There is the less reason for incurring such expenditure when we consider the special purposes which the canals of the district already serve, and, I may even say, efficiently serve. The total traffic passing over the Birmingham Canal system amounts to about 8,000,000 tons per annum,[7] and of this a considerable proportion is collected for eventual transport by rail. Every few miles along the canal in the Black Country there is a "railway-basin" put in either by the London and North-Western Railway Company, who have had the privilege of finding the money to keep the canal going since 1874, or by the Great Western or the Midland Railway Companies. Here, again, very considerable expenditure has been incurred by the railway companies in the provision alike of wharves, cranes, sheds, etc., and of branch railways connecting with the main lines of the company concerned. From these railway-basins narrow boats are sent out to works all over the district to collect iron, hardware, tinplates, bricks, tiles, manufactured articles, and general merchandise, and bring them in for loading into the railway trucks alongside. So complete is the network of canals, with their hundreds of small "special" branches, that for many of the local works their only means of communication with the railway is by water, and the consignments are simply conveyed to the railway by canal boat, instead of, as elsewhere, by collecting van or road lorry.
The number of these railway-basins—the cost of which is distinctly substantial—is constantly being increased, for the traffic through them grows almost from day to day.
The Great Western Railway Company, for example, have already several large transhipping basins on the canals of the Black Country. They have one at Wolverhampton, and another at Tipton, only 5 miles away; yet they have now decided to construct still another, about half-way between the two. The matter is thus referred to in the Great Western Railway Magazine for March, 1906:—
"The Directors have approved a scheme for an extensive depôt adjoining the Birmingham Canal at Bilston, the site being advantageously central in the town. It will comprise a canal basin and transfer shed, sidings for over one hundred and twenty waggons, and a loop for made-up trains. A large share of the traffic of the district, mainly raw material and manufactured articles of the iron trade, will doubtless be secured as a result of this important step—the railway and canal mutually serving each other as feeders."
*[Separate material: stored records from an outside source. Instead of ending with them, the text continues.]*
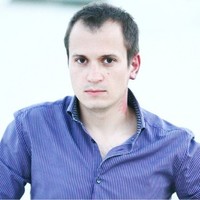 Viktor Suhenko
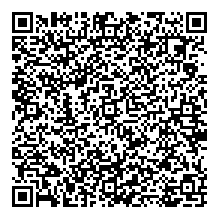 Sarah Benchelighem_jsCf3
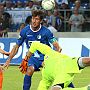 24.7.2015  1.FC Magdeburg - FC Rot-Weiss Erfurt 2-1_59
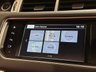 USED 2016 66 LAND ROVER RANGE ROVER SPORT 3.0 SD V6 HSE Dynamic SUV 5dr Diesel Auto 4WD Euro 6 (s/s) (306 ps) 7 Seater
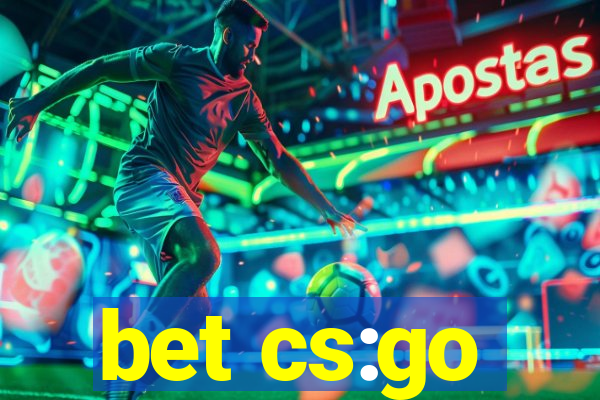 bet cs:go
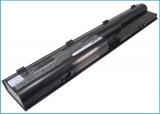 Batterie ordinateur portable hp probook 4430s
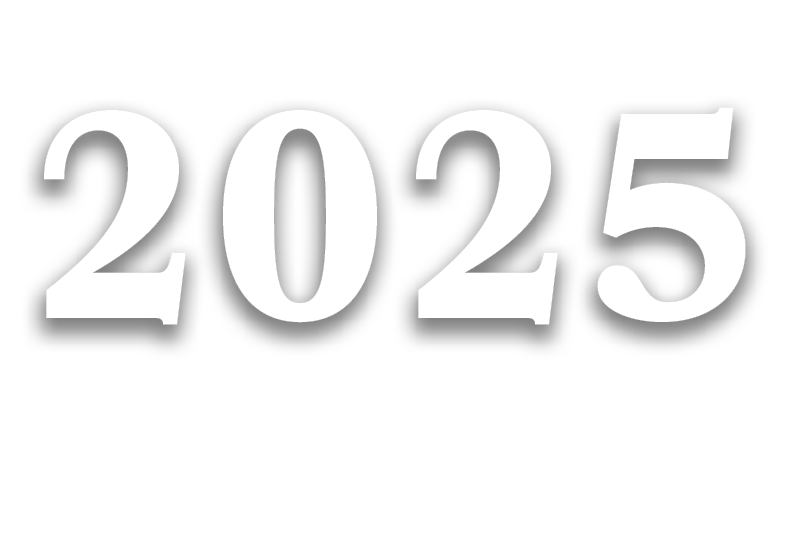 2025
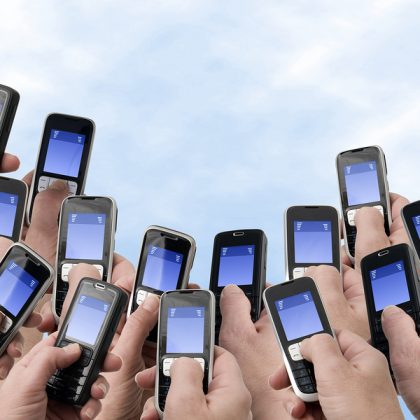 Why Add Additional Phone Numbers to Your Business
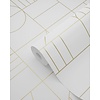 Esta Home Art Deco - 156-139141 Esta Home Art Deco - 156-139141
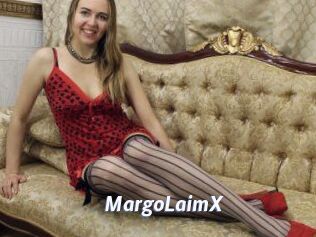 MargoLaimX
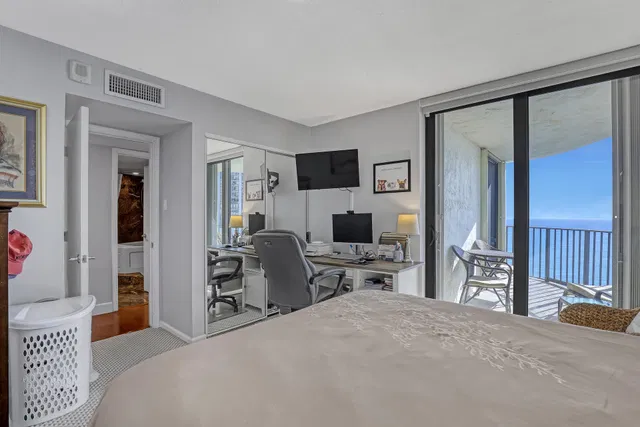 Harbour Point Singer Island Unit 1106 photo 24
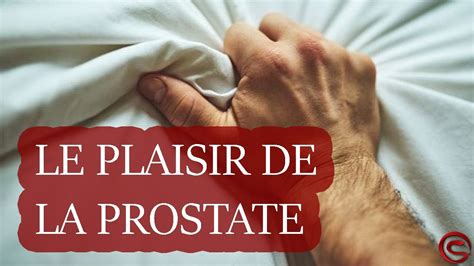 Massage de la prostate Putain Roanne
The reader will see from this how the tendency, even on canals that survive, is for the length of haul to become shorter and shorter, so that the receipts of the canal company from tolls may decline even where there is no actual decrease in the weight of the traffic handled.
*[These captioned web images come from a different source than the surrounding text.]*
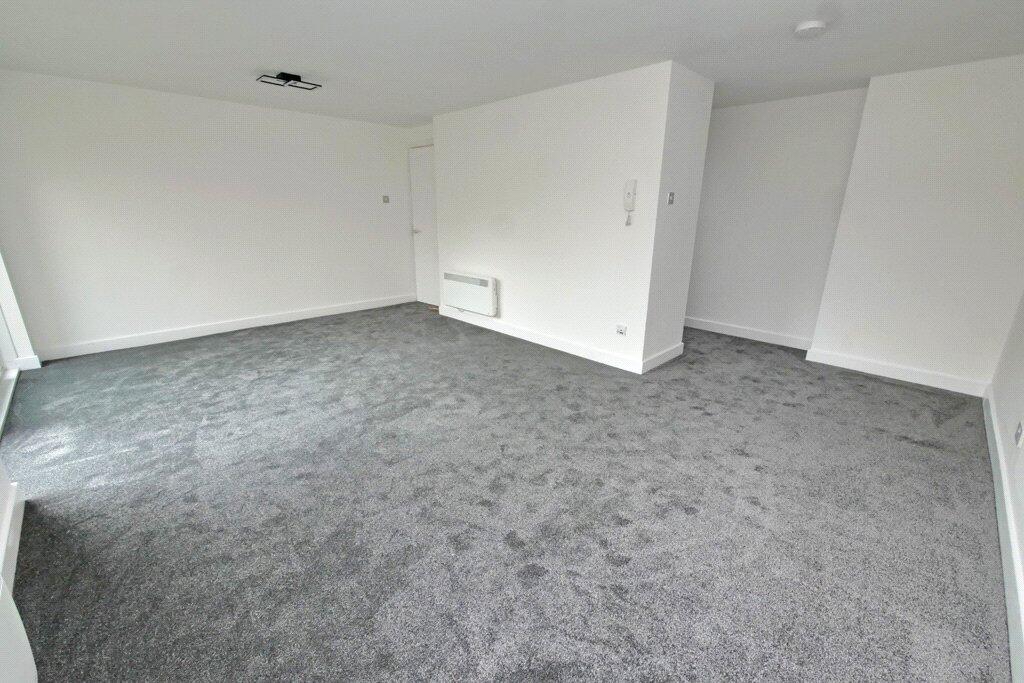 4 Brindley Mill, Skipton, BD23 2UN - View 3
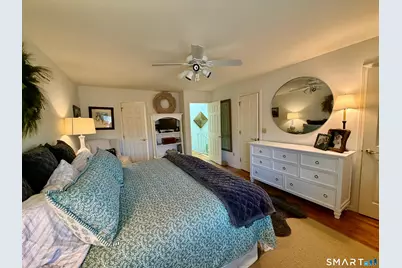 16 Fawn Ridge Lane #16, Wilton, CT 06897 - Photo 19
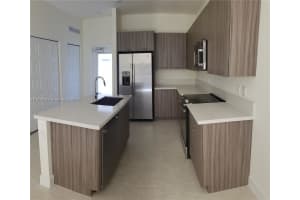 8363 NW 41st St A-304, Doral, FL 33166, - MLS#A11917829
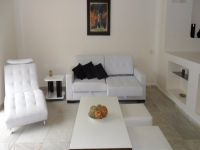 SP, Aluguel temporada,  Alugue temporada, apartamentos para alugar, Casa para alugar,  alugar casas,  aluguel de temporada,  aluguel por temporada, alugar apartamento,  alugar casa, casas pra alugar,  casas alugar, casa alugar, casa temporada, aluguel para temporada,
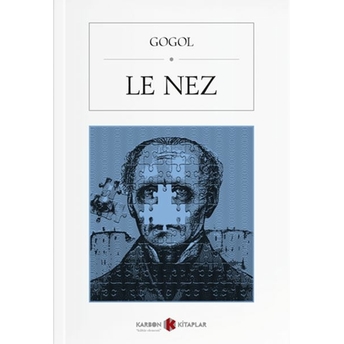 Le Nez Kollektif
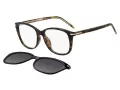 Hugo Boss Lunettes de Vue HB 1862/G/C 086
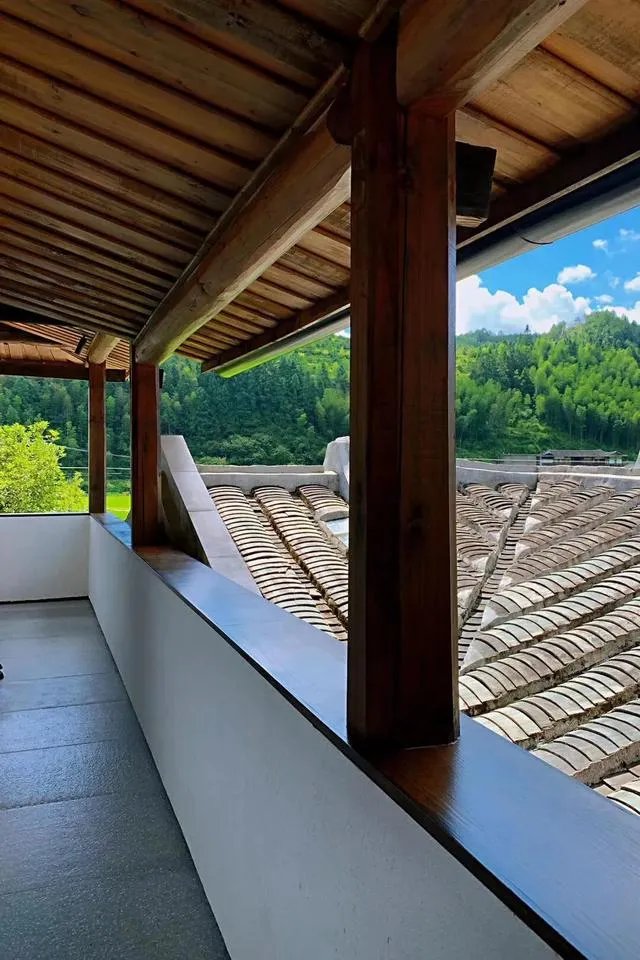 为什么有人建议旅游的时候不要住民宿？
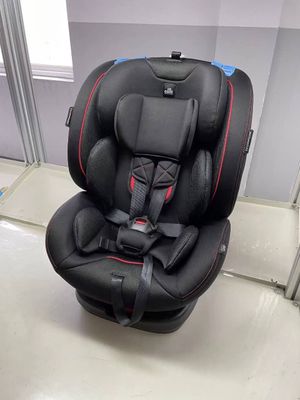 Автокресла новый со . 4 цвета есть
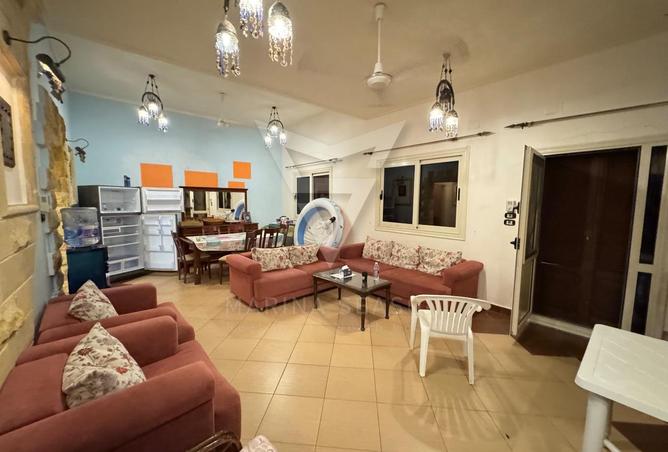 8142768 - صورة العقار 3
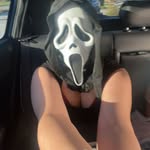 Emma Hobbs - @emma.bo.bemma.54 - Instagram
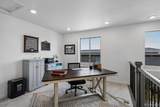 8377 Rush Creek Avenue - Photo 22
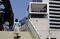 Toshiba Surges 18% Limit After CVC Capital Makes Buyout Offer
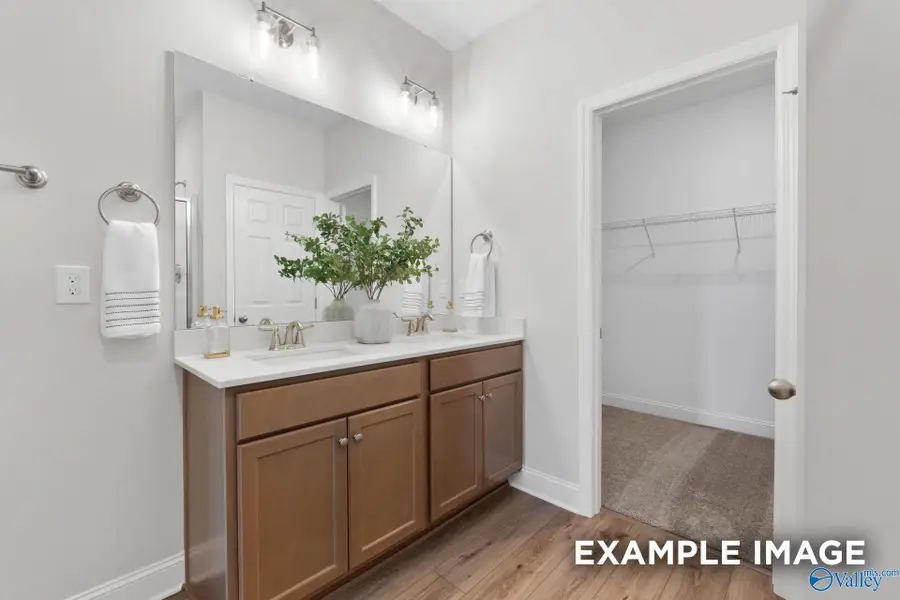 134 Bella May Lane, New Market, AL 35761 - #3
In the event of State or municipal purchase being resorted to, the expenditure on all these costly basins and the works connected therewith would have to be taken into consideration, equally with the pumping machinery and general improvements, and, also, the purchase of mining rights, already spoken of; but I fail to see what more either Government or County Council control could, in the circumstances, do for the Birmingham system than is being done already. Far more for the purposes of maintenance has been spent on the canal by the London and North-Western Railway Company than had been so spent by the canal company itself; and, although a considerable amount of traffic arising in the district does find its way down to the Mersey, the purpose served by the canal is, and must necessarily be, mainly a local one.
That Birmingham should become a sort of half-way stage on a continuous line of widened canals across country from the Thames to the Mersey is one of the most impracticable of dreams. Even if there were not the question of the prodigious cost that widenings of the Birmingham Canal would involve, there would remain the equally fatal drawback of the elevation of Birmingham and Wolverhampton above sea level. In constructing a broad cross-country canal, linking up the two rivers in question, it would be absolutely necessary to avoid alike Birmingham and the whole of the Black Country. That city and district, therefore, would gain no direct advantage from such a through route. They would have to be content to send down their commodities in the existing small boats to a lower level, and there, in order to reach the Mersey, connect with either the Shropshire Union Canal or the Trent and Mersey. One of these two waterways would certainly have to be selected for a widened through route to the Mersey.
Assume that the former were decided upon, and that, to meet the present-day agitation, the State, or some Trust backed by State or local funds, bought up the Shropshire Union, and resolved upon a substantial widening of this particular waterway, so as to admit of a larger type of boat and the various other improvements now projected. In this case the crux of the situation (apart from Birmingham and Black Country conditions), would be the city of Chester.